_Work instruction:_
Exactly reproduce the lines from the line bearing "ViolettaLopez online show" through the end of the listing, inclusive of both; pictures are to be omitted.

_Source records:_
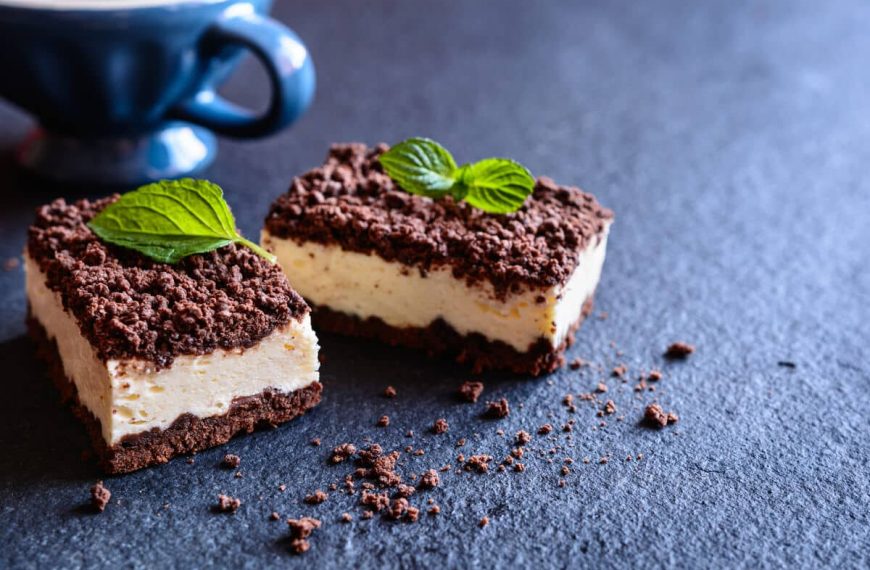 Saftiger Schoko Streuselkuchen mit Quark, Kakao und Vanille
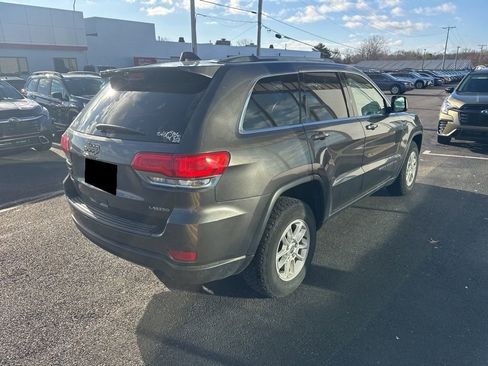 Used 2019 Jeep Grand Cherokee Laredo w/ Security & Convenience Group image 4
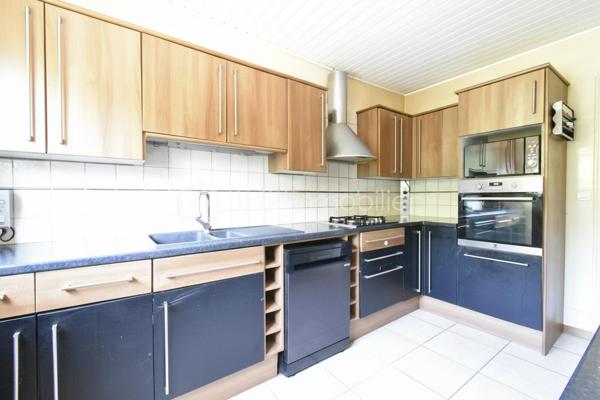 ÉTRÉCHY – Située dans un secteur recherché, à proximité des commerces, des écoles, de la gare RER C et des principaux axes routiers, venez découvrir cette maison individuelle d'environ 135 m², édifiée sur une parcelle close de 411 m².

Construite en 1971, cette maison offre une distribution fonctionnelle, de beaux volumes et un sous-sol total, véritable atout pour répondre aux besoins d'une vie de famille.

Un intérieur pensé pour le quotidien

Le rez-de-chaussée surélevé se compose d'une entrée desservant :

un salon / salle à manger lumineux d'environ 35 m², avec accès au balcon ;
une cuisine indépendante aménagée et équipée ;
deux chambres ;
une salle de bains ;
un WC indépendant.

À l'étage, l'espace nuit se poursuit avec deux chambres supplémentaires, dont une spacieuse chambre mansardée d'environ 40 m² au sol, offrant un bel espace pour une suite parentale, une chambre d'adolescent ou un espace multifonction. Une salle d'eau avec WC complète ce niveau.

Un sous-sol total aux multiples possibilités

Accessible directement depuis la maison, le sous-sol total constitue un véritable espace complémentaire. Il comprend :

un garage ;
une buanderie ;
une chaufferie ;
plusieurs espaces de stockage ;
une pièce indépendante avec accès direct au rez-de-chaussée, idéale pour aménager un bureau, un espace de télétravail, une salle de loisirs ou répondre aux besoins d'une activité exercée à domicile.
Un extérieur agréable

Implantée sur une parcelle close de 411 m², la maison bénéficie d'un jardin privatif permettant de profiter des beaux jours en famille ou entre amis. Plusieurs véhicules peuvent également être stationnés sur l'avant de la propriété.

Les atouts du bien

✅ Environ 135 m² de surface.
✅ 4 chambres.
✅ Sous-sol total.
✅ Garage.
✅ Jardin clos.
✅ Plusieurs stationnements.
✅ Menuiseries PVC double vitrage.
✅ Volets roulants sur une grande partie des ouvertures (volets battants sur le séjour).
✅ Chauffage au gaz.
✅ Raccordement au tout-à-l'égout.
✅ DPE : D.
✅ Gare RER C, écoles, commerces et commodités à proximité.

Cette maison séduira les familles à la recherche d'un bien offrant de beaux volumes, des espaces annexes fonctionnels et un environnement agréable, tout en restant proche des commodités facilitant le quotidien.

📞 Vous souhaitez plus de renseignements et/ou convenir d'une visite ? Contactez-moi, je suis disponible 7jours/7
🤝 OUVERT A L'INTER-CABINET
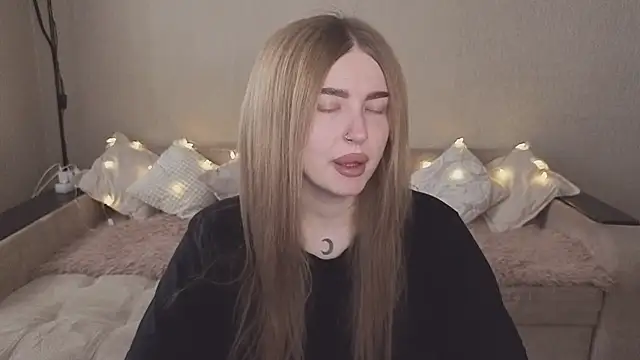 ViolettaLopez online show from 11/16/25, 10:53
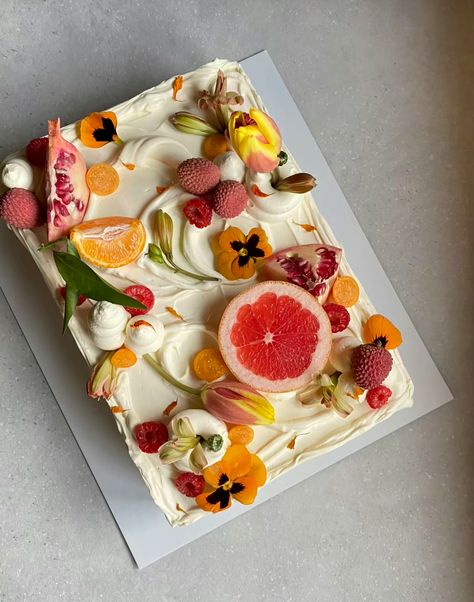 Birthday Fruit Cake, Pastries Desserts, Cake Fruit, Pretty Dessert, Cake Inspo, Pretty Birthday Cakes, Vegan Sweets, Sheet Cake, Yummy Foods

_Written solution:_
 ViolettaLopez online show from 11/16/25, 10:53
 Birthday Fruit Cake, Pastries Desserts, Cake Fruit, Pretty Dessert, Cake Inspo, Pretty Birthday Cakes, Vegan Sweets, Sheet Cake, Yummy Foods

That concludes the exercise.